Work item
Retype exactly every line from the one that includes "Dual vanity with" through the final line of the listing, both ends kept, and omit the pictures.

Data supplied
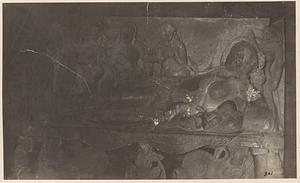 Wall carving of reclining female deity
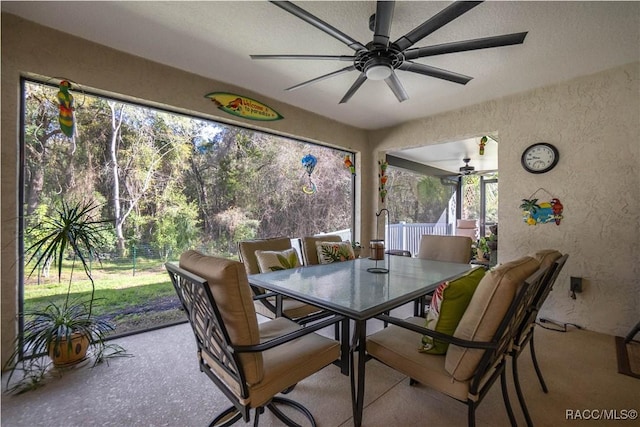 unfurnished sunroom with ceiling fan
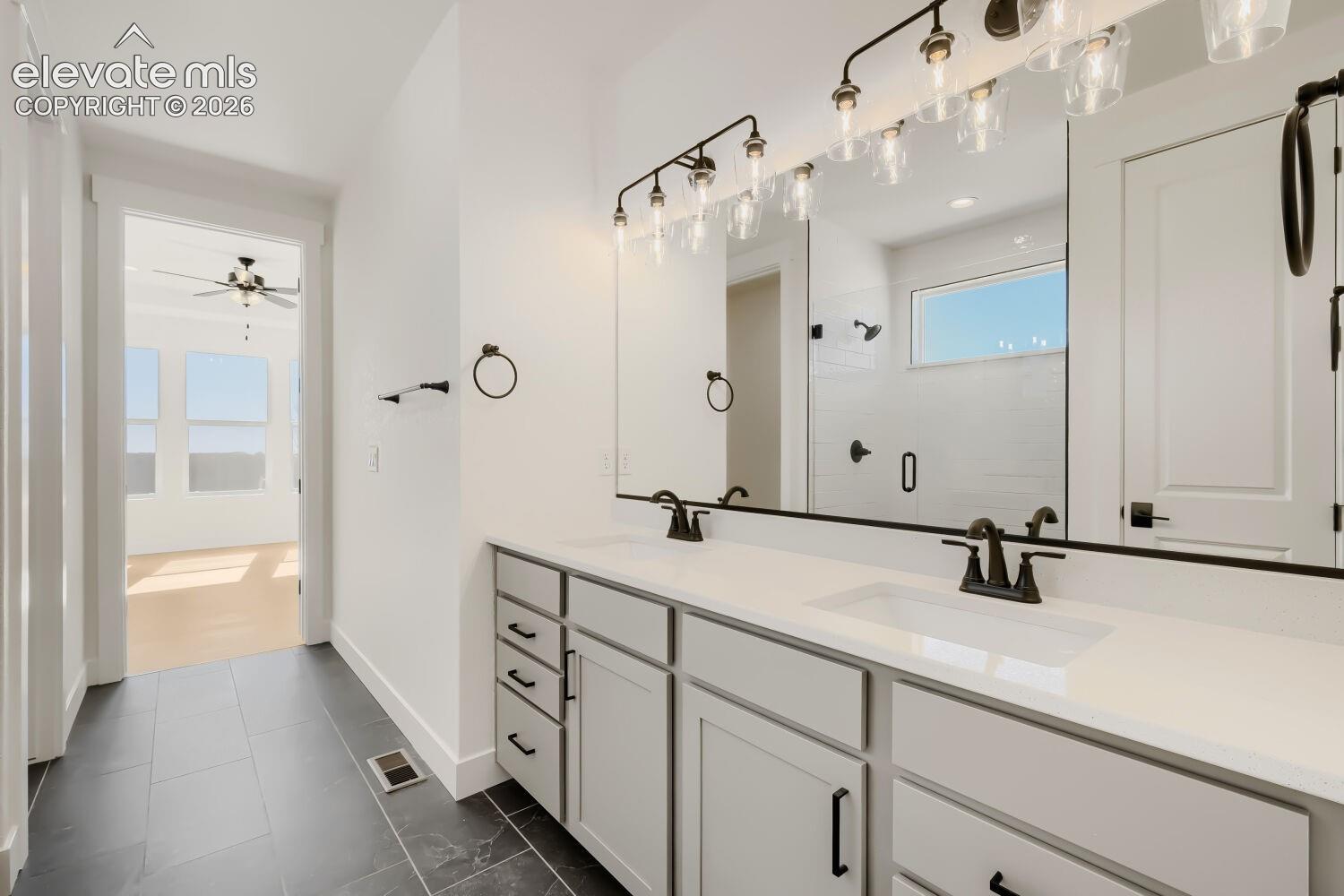 Dual vanity with white countertops, undermount sinks, and matte black fixtures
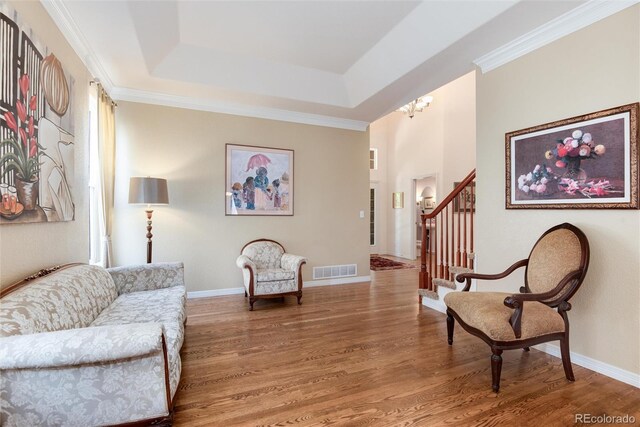 2959 W 110th Pl, Westminster, CO 80234 - living area featuring wood finished floors, stairs, baseboards, and a chandelier
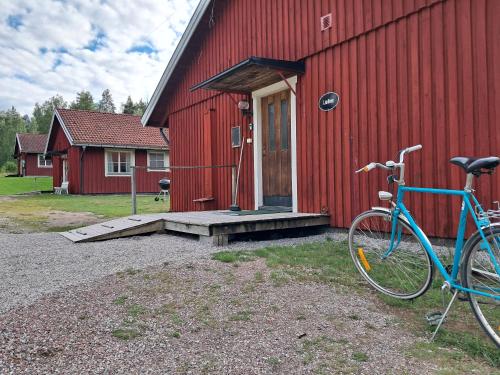 a bike parked in front of a red building at Furudals Bruk in Furudals Bruk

Answer box
 Dual vanity with white countertops, undermount sinks, and matte black fixtures
 2959 W 110th Pl, Westminster, CO 80234 - living area featuring wood finished floors, stairs, baseboards, and a chandelier
 a bike parked in front of a red building at Furudals Bruk in Furudals Bruk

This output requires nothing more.